Volunteers in Little Burgundy who have worked hard to reopen the Negro Community Centre say there is new hope for the project.
The city of Montreal has put up $500,000 and promises another $2 million if the province and the federal government come up with the rest of the $7 million that's needed to reopen the historic centre, says Shirley Gyles, president of the centre's board of directors.
"So we are just waiting to hear from [them]. In the meantime, we are selling bricks, we are selling T-shirts, we are still doing our fundraiser, trying to get everybody, the whole community, involved," Gyles said.
The community centre first opened its doors in 1927, but was forced to close in the 1980s.

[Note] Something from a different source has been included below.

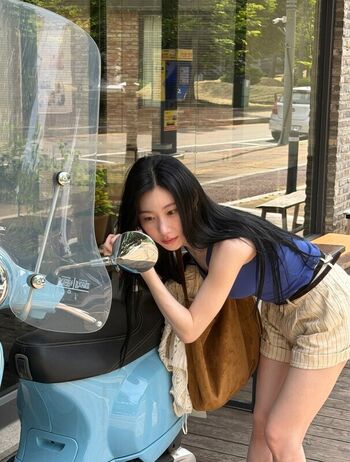 Full leaked Chaeryeong private photo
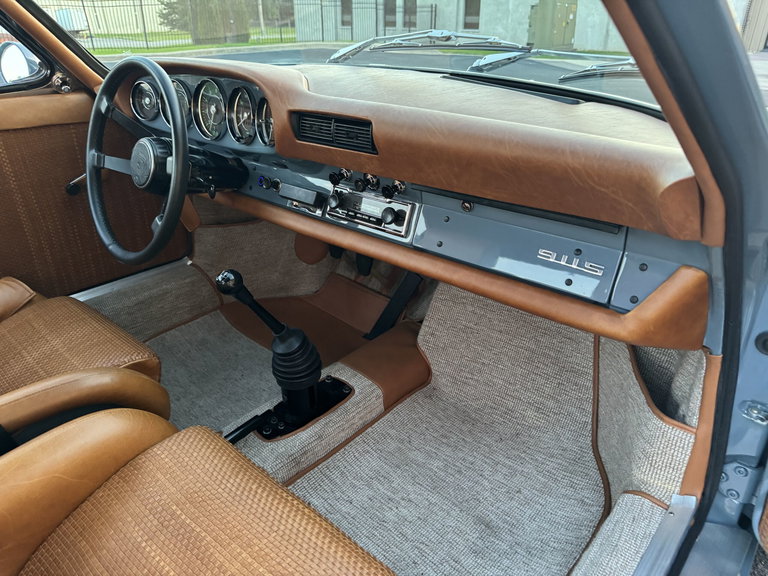 Porsche 911 Backdate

It had been the cultural hub of the mostly black neighborhood and a hang-out for the likes of jazz legends Oscar Peterson and Oliver Jones.
Jennifer Thompson is a Little Burgundy resident who grew up with the Negro Community Centre.
She says the centre kept her and her brothers and sisters off the streets.
Thompson says the community needs this centre.
"If you walk through this community on any given day you will see the break down of the community. You will see what has taken place within the community. And I will say that this centre is needed. It's badly needed," Thompson says.
Gyles also grew up with the centre.
She took piano lessons there and learned about black history.
In 1989 it closed, and the building still sits vacant, boarded up to keep squatters out.